Yoharol
by Yoharol

Categories

  • research

Tags

  • note

It is hard to understand complex computation with summation of numerous symbols. Writing a linear system in matrix form can greatly help to get a high level perspective. However, building a matrix form can be brain burning.

It is hard to clearify a general method for such formula conversion. In this blog I record some specific cases to remind myself what is the common routine and useful toolbox.

Linear Blend Skinning

LBS can be represented as

\[\mathbf{x}_i=\sum_{j}w_{ij}\mathbf{T}_j\begin{pmatrix}\mathbf{x}_i \\ 1\end{pmatrix}\]

which is a simple summation.

Suppose $dim=3$, we want a matrix multiplication to cover all the $\mathbf{x}_i$ and $\mathbf{T}_j$.

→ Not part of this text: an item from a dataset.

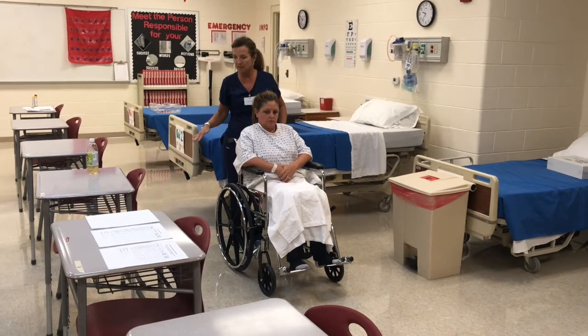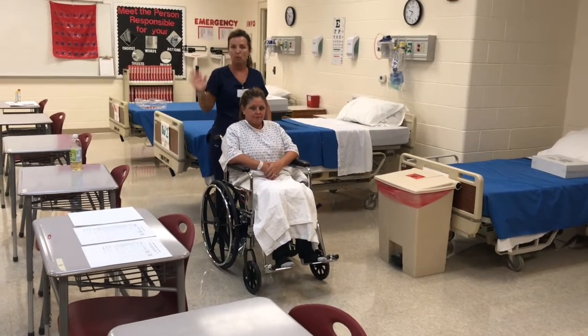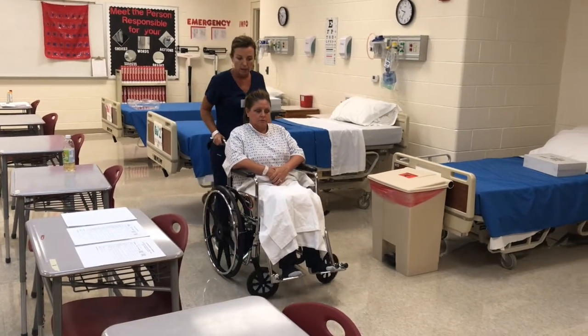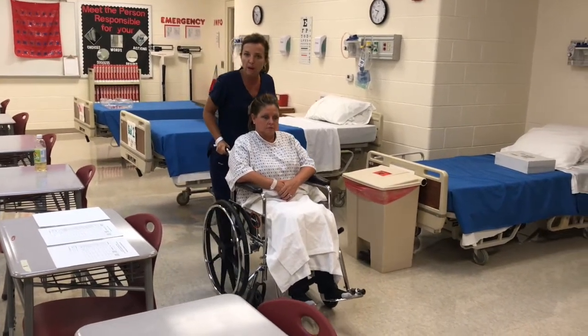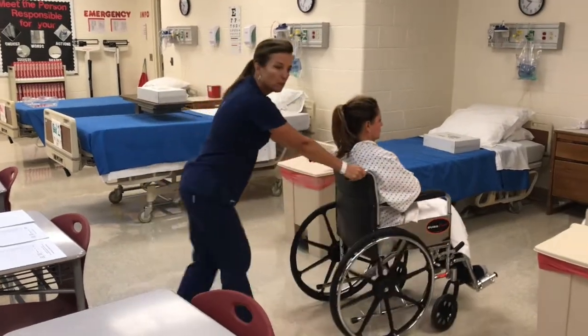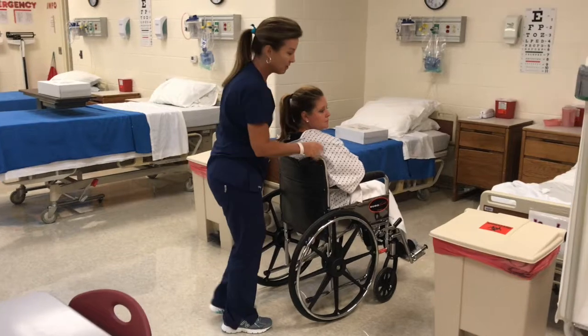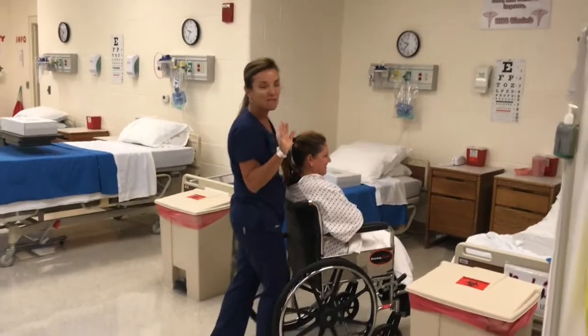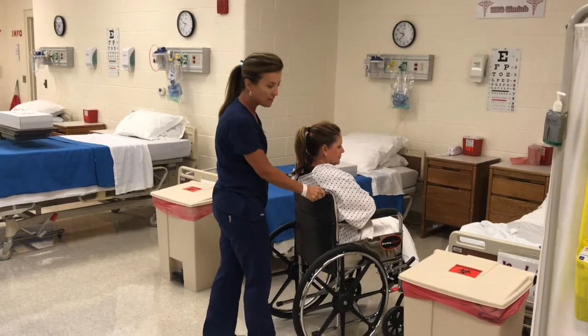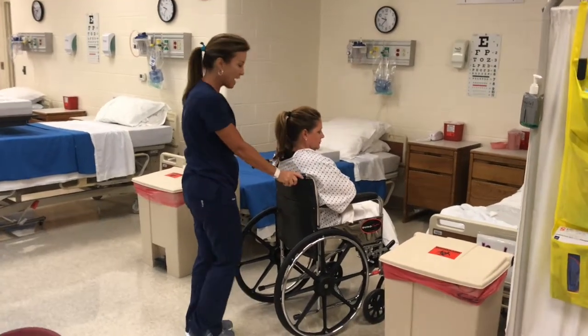So we've gone downstairs, gotten our x-ray, we're finished, we're back in the elevator coming back up, doors open, and here we go. Again, you're going to use your body weight as a counterweight to get it pushed and started. You're going to go back into the room and stop your wheelchair towards the end of the bed so the patient has room to get out.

There are different ways to build such a matirx form. The first thing we need to figure out is which is the most important elements, and stack them into a matrix. Here we suppose the problem is to study affine transformation $\mathbf{T}_j$. To write $\mathbf{T}$ as the last element we first need to transpose the formula as

\[\mathbf{x}_i^T=\sum_j w_{ij}\begin{pmatrix}\mathbf{x}_i & 1 \end{pmatrix}\mathbf{T}_j^T.\]

Stack all the transposed affine transformation into a large matrix

\[\mathbf{T}=\begin{pmatrix}\mathbf{T}_1\\\mathbf{T}_2\\\vdots\\\mathbf{T}_m\end{pmatrix}.\]

A summation is equal to an inner product, which can happen between two tensors of any dimensions. Here the inner product can be built between two matrix

\[\mathbf{X}'=\mathbf{M}\mathbf{T}\]

in which \(\mathbf{M}_j = \begin{pmatrix}w_{1j}(\mathbf{x}_1^T\ \ 1) & \dots & w_{nj}(\mathbf{x}_n^T \ \ 1)\end{pmatrix}\).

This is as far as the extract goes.